→ TASK STATEMENT: From the line that contains "Golden Road Beer, Hazy" down to the last line of the listing below, reproduce each line exactly but not the pictures.
[[ DATA BLOCK, beginning ]]
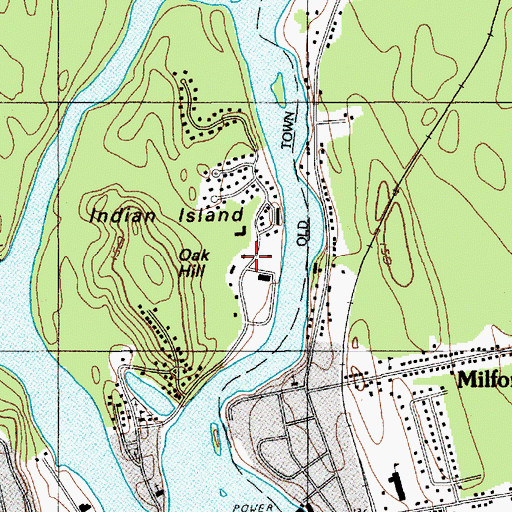 Topographic Map of Penobscot Nation Fire Department, ME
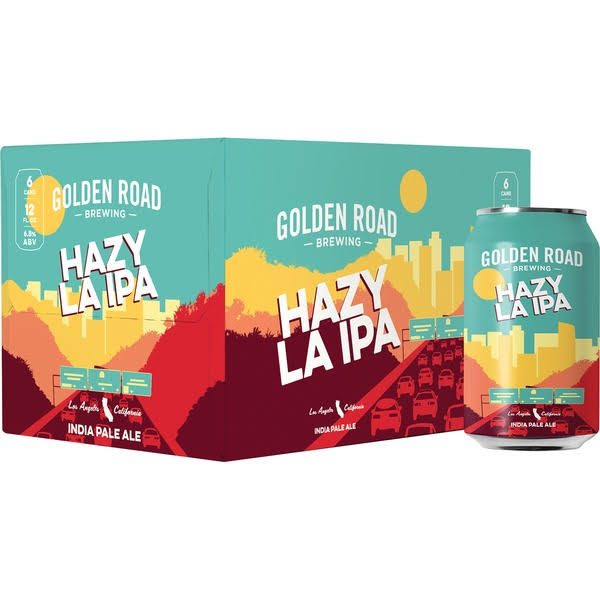 Golden Road Beer, Hazy LA IPA - 6 pack, 12 fl oz cans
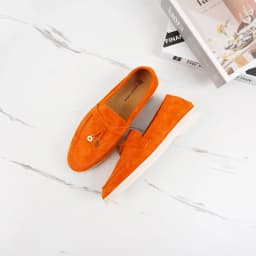 Ženské kožené casual mokasíny s tlustou podrážkou pro studentky - náhled 3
[[ DATA BLOCK, end ]]
→ SOLUTION TO THIS TASK:
 Golden Road Beer, Hazy LA IPA - 6 pack, 12 fl oz cans
 Ženské kožené casual mokasíny s tlustou podrážkou pro studentky - náhled 3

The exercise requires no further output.